My heart ached as I read these words from the Qorsho Hassan, a 3rd grade teacher, American of Somali descent, and member of the Somali Political Action Group. I knew that no matter what caused Abdul Razak Ali Artan to resort to violence on OSU’s campus November 28th, many of the Somali and Somali-Americans in Columbus, Ohio would honestly fear reprisal in our city - and that they would have to apologize and pay for the action of one individual.

Thankfully, Qorsho and a good friend and elder at my church, Tammy Eckhart, were inspired by God to create a safe space to foster understanding and unity. We decided to have the Peace Feast at Hoyo’s Kitchen ("Mom’s Kitchen" in Somali). Hayat and her son A.B opened the restaurant in November, 2014 and were the most gracious hosts! They closed their entire restaurant for us while providing an array of food and drinks. The event was private, warm, and peaceful. Due to limited space, we initially planned for 40 people but had 57 attend!

Tammy and Qorsho served as conversation facilitators, and each table had questions to help guide the conversation and keep the atmosphere lively, focused, and meaningful. Questions ranged in themes from culture and ethnicity to personal history and the world today.
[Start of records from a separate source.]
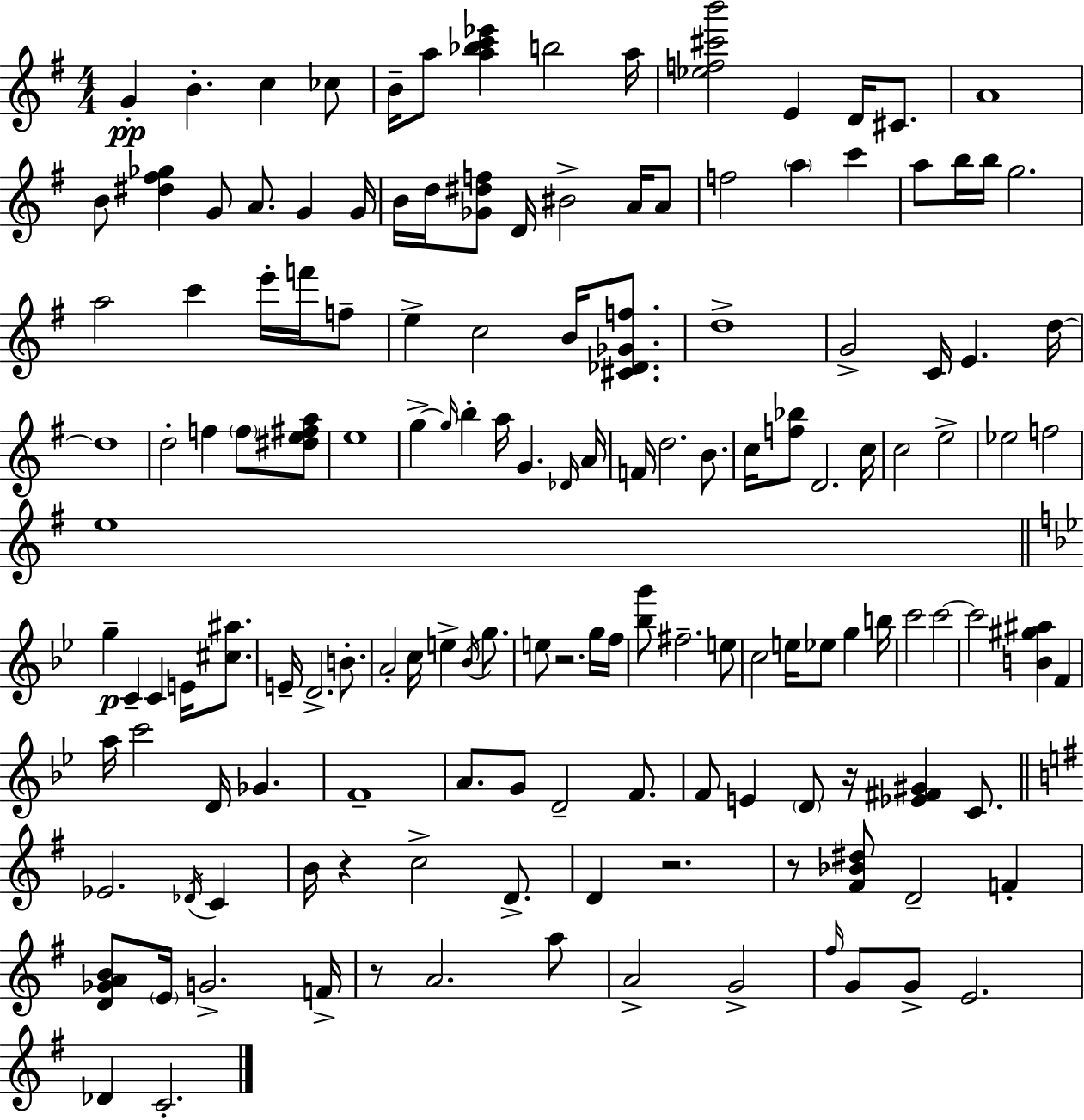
G4/q B4/q. C5/q CES5/e B4/s A5/e [A5,Bb5,C6,Eb6]/q B5/h A5/s [Eb5,F5,C#6,B6]/h E4/q D4/s C#4/e. A4/w B4/e [D#5,F#5,Gb5]/q G4/e A4/e. G4/q G4/s B4/s D5/s [Gb4,D#5,F5]/e D4/s BIS4/h A4/s A4/e F5/h A5/q C6/q A5/e B5/s B5/s G5/h. A5/h C6/q E6/s F6/s F5/e E5/q C5/h B4/s [C#4,Db4,Gb4,F5]/e. D5/w G4/h C4/s E4/q. D5/s D5/w D5/h F5/q F5/e [D#5,E5,F#5,A5]/e E5/w G5/q G5/s B5/q A5/s G4/q. Db4/s A4/s F4/s D5/h. B4/e. C5/s [F5,Bb5]/e D4/h. C5/s C5/h E5/h Eb5/h F5/h E5/w G5/q C4/q C4/q E4/s [C#5,A#5]/e. E4/s D4/h. B4/e. A4/h C5/s E5/q Bb4/s G5/e. E5/e R/h. G5/s F5/s [Bb5,G6]/e F#5/h. E5/e C5/h E5/s Eb5/e G5/q B5/s C6/h C6/h C6/h [B4,G#5,A#5]/q F4/q A5/s C6/h D4/s Gb4/q. F4/w A4/e. G4/e D4/h F4/e. F4/e E4/q D4/e R/s [Eb4,F#4,G#4]/q C4/e. Eb4/h. Db4/s C4/q B4/s R/q C5/h D4/e. D4/q R/h. R/e [F#4,Bb4,D#5]/e D4/h F4/q [D4,Gb4,A4,B4]/e E4/s G4/h. F4/s R/e A4/h. A5/e A4/h G4/h F#5/s G4/e G4/e E4/h. Db4/q C4/h.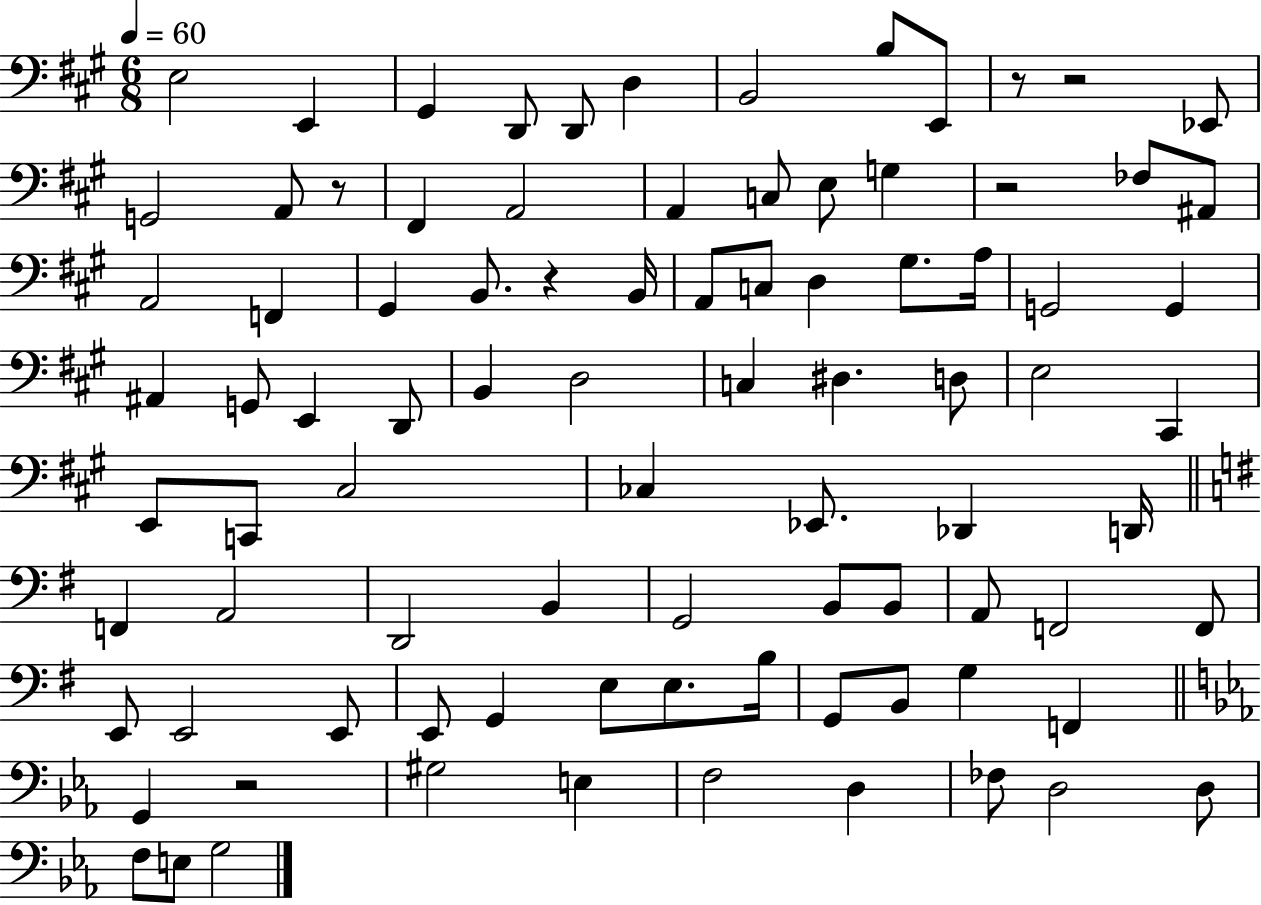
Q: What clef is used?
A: bass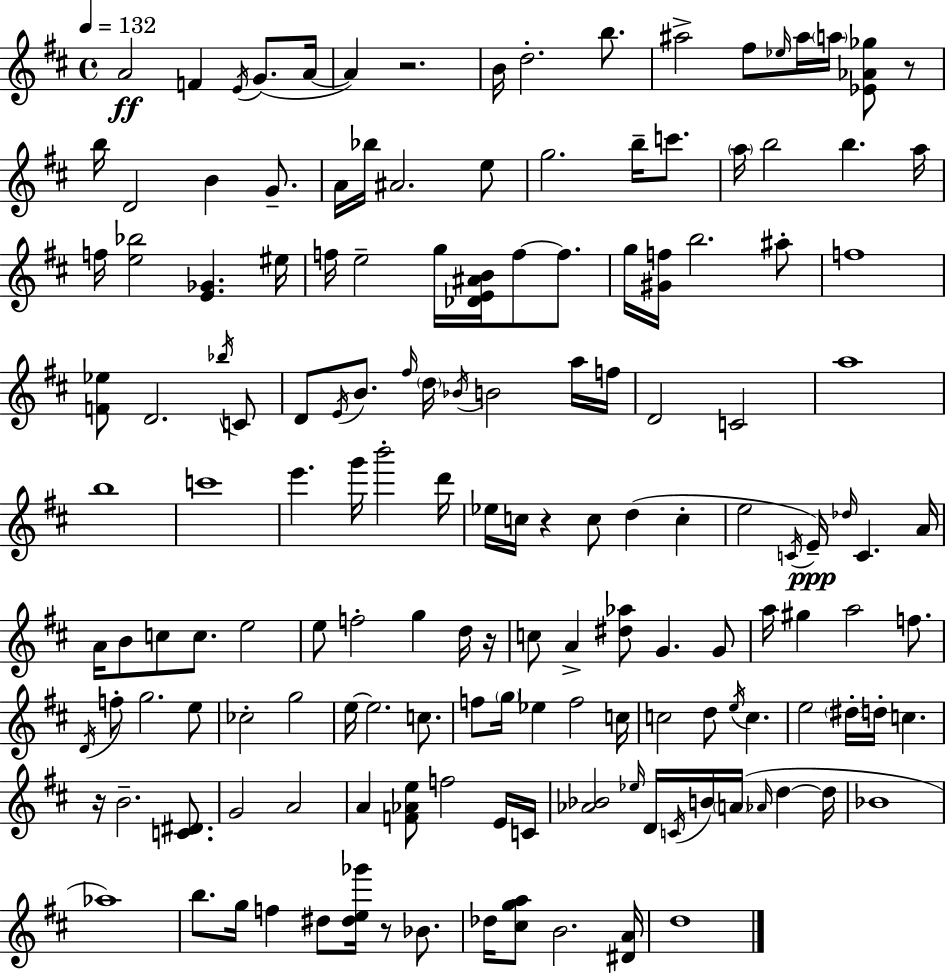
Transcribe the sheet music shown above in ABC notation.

X:1
T:Untitled
M:4/4
L:1/4
K:D
A2 F E/4 G/2 A/4 A z2 B/4 d2 b/2 ^a2 ^f/2 _e/4 ^a/4 a/4 [_E_A_g]/2 z/2 b/4 D2 B G/2 A/4 _b/4 ^A2 e/2 g2 b/4 c'/2 a/4 b2 b a/4 f/4 [e_b]2 [E_G] ^e/4 f/4 e2 g/4 [_DE^AB]/4 f/2 f/2 g/4 [^Gf]/4 b2 ^a/2 f4 [F_e]/2 D2 _b/4 C/2 D/2 E/4 B/2 ^f/4 d/4 _B/4 B2 a/4 f/4 D2 C2 a4 b4 c'4 e' g'/4 b'2 d'/4 _e/4 c/4 z c/2 d c e2 C/4 E/4 _d/4 C A/4 A/4 B/2 c/2 c/2 e2 e/2 f2 g d/4 z/4 c/2 A [^d_a]/2 G G/2 a/4 ^g a2 f/2 D/4 f/2 g2 e/2 _c2 g2 e/4 e2 c/2 f/2 g/4 _e f2 c/4 c2 d/2 e/4 c e2 ^d/4 d/4 c z/4 B2 [C^D]/2 G2 A2 A [F_Ae]/2 f2 E/4 C/4 [_A_B]2 _e/4 D/4 C/4 B/4 A/4 _A/4 d d/4 _B4 _a4 b/2 g/4 f ^d/2 [^de_g']/4 z/2 _B/2 _d/4 [^cga]/2 B2 [^DA]/4 d4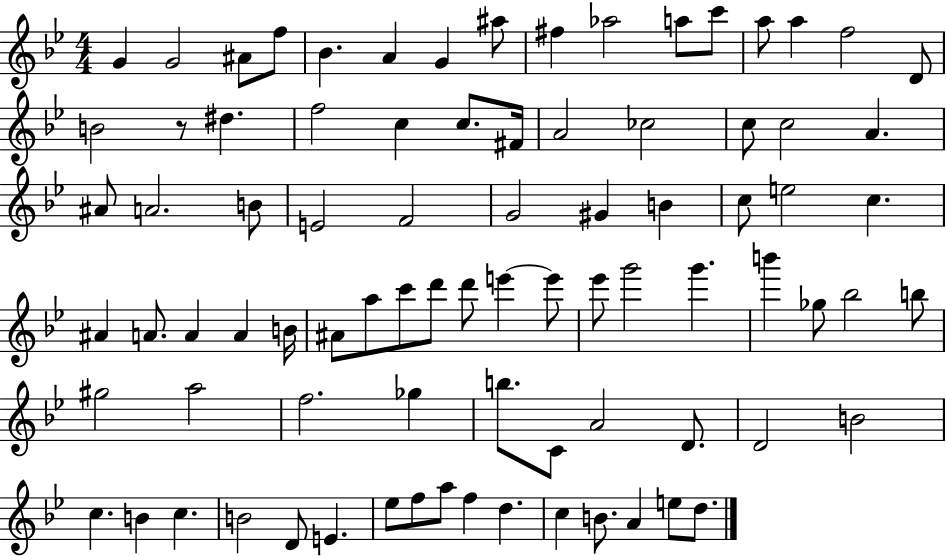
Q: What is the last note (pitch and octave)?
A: D5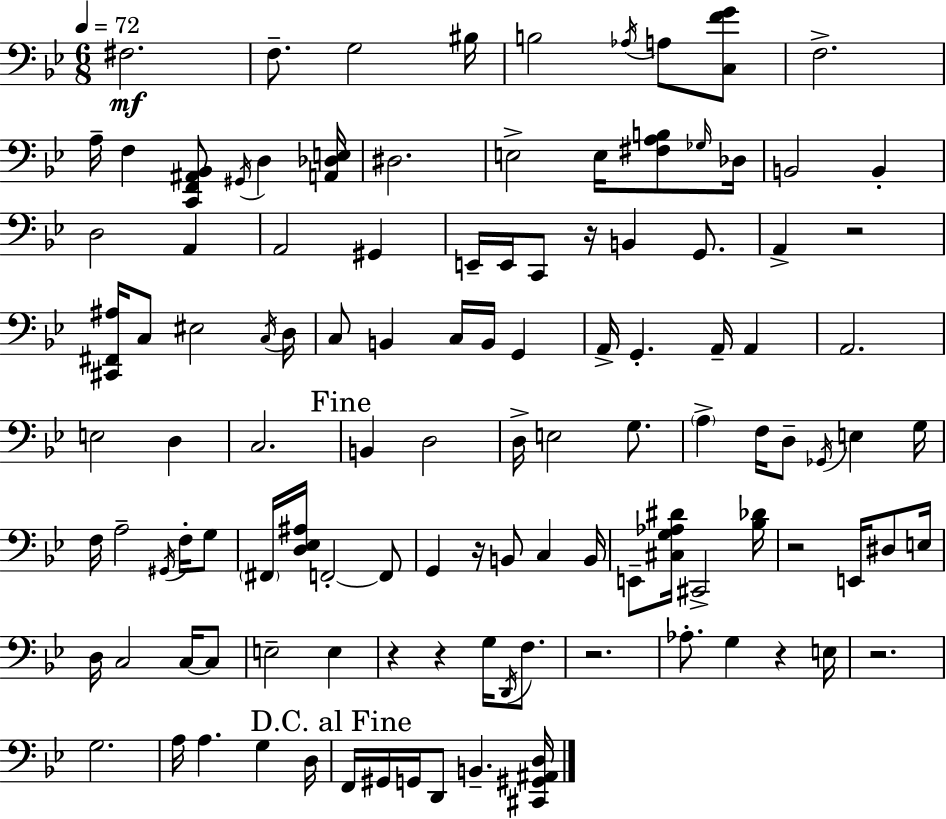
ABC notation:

X:1
T:Untitled
M:6/8
L:1/4
K:Bb
^F,2 F,/2 G,2 ^B,/4 B,2 _A,/4 A,/2 [C,FG]/2 F,2 A,/4 F, [C,,F,,^A,,_B,,]/2 ^G,,/4 D, [A,,_D,E,]/4 ^D,2 E,2 E,/4 [^F,A,B,]/2 _G,/4 _D,/4 B,,2 B,, D,2 A,, A,,2 ^G,, E,,/4 E,,/4 C,,/2 z/4 B,, G,,/2 A,, z2 [^C,,^F,,^A,]/4 C,/2 ^E,2 C,/4 D,/4 C,/2 B,, C,/4 B,,/4 G,, A,,/4 G,, A,,/4 A,, A,,2 E,2 D, C,2 B,, D,2 D,/4 E,2 G,/2 A, F,/4 D,/2 _G,,/4 E, G,/4 F,/4 A,2 ^G,,/4 F,/4 G,/2 ^F,,/4 [D,_E,^A,]/4 F,,2 F,,/2 G,, z/4 B,,/2 C, B,,/4 E,,/2 [^C,G,_A,^D]/4 ^C,,2 [_B,_D]/4 z2 E,,/4 ^D,/2 E,/4 D,/4 C,2 C,/4 C,/2 E,2 E, z z G,/4 D,,/4 F,/2 z2 _A,/2 G, z E,/4 z2 G,2 A,/4 A, G, D,/4 F,,/4 ^G,,/4 G,,/4 D,,/2 B,, [^C,,^G,,^A,,D,]/4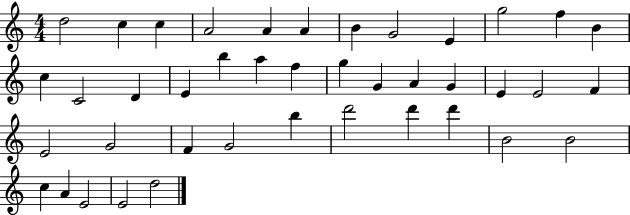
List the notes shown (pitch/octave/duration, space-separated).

D5/h C5/q C5/q A4/h A4/q A4/q B4/q G4/h E4/q G5/h F5/q B4/q C5/q C4/h D4/q E4/q B5/q A5/q F5/q G5/q G4/q A4/q G4/q E4/q E4/h F4/q E4/h G4/h F4/q G4/h B5/q D6/h D6/q D6/q B4/h B4/h C5/q A4/q E4/h E4/h D5/h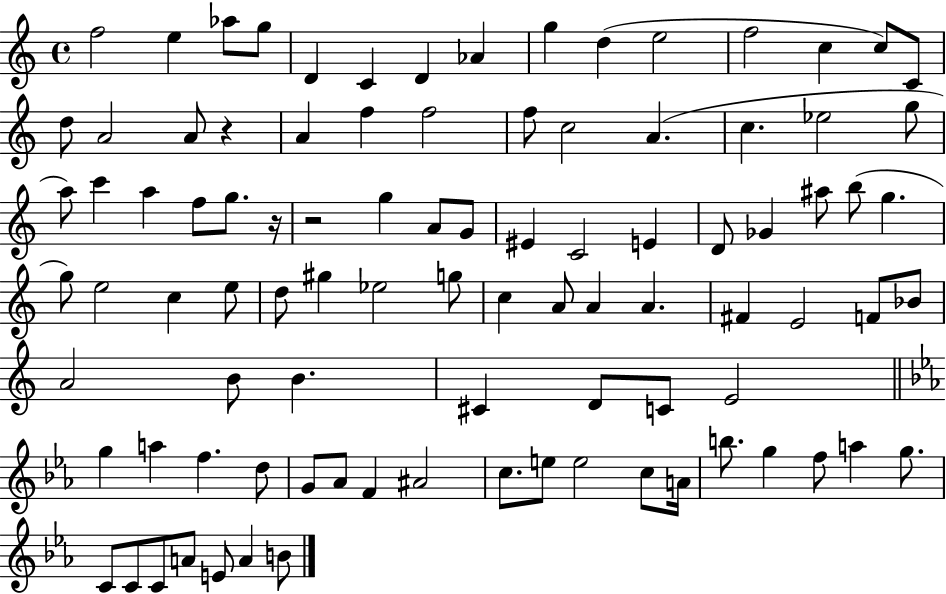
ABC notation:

X:1
T:Untitled
M:4/4
L:1/4
K:C
f2 e _a/2 g/2 D C D _A g d e2 f2 c c/2 C/2 d/2 A2 A/2 z A f f2 f/2 c2 A c _e2 g/2 a/2 c' a f/2 g/2 z/4 z2 g A/2 G/2 ^E C2 E D/2 _G ^a/2 b/2 g g/2 e2 c e/2 d/2 ^g _e2 g/2 c A/2 A A ^F E2 F/2 _B/2 A2 B/2 B ^C D/2 C/2 E2 g a f d/2 G/2 _A/2 F ^A2 c/2 e/2 e2 c/2 A/4 b/2 g f/2 a g/2 C/2 C/2 C/2 A/2 E/2 A B/2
The goal was not JUST to eat great food, bless a Somali restaurant, and have great conversations; another measure of success was the amount of people who exchanged numbers and emails and who would pursue lasting friendships with the people they met after the Peace Feast ended. Thanks be to God, we ended at 9pm and by 10:30pm we still had people talking and laughing and enjoying one another! The responses after the Peace Feast have been so encouraging. People have said things like, “this was the best conversation I’ve had with a stranger in a while,” and “I really made friends Saturday night!” Others who were not able to attend have asked for another event soon. God-willing, this will be the first of many!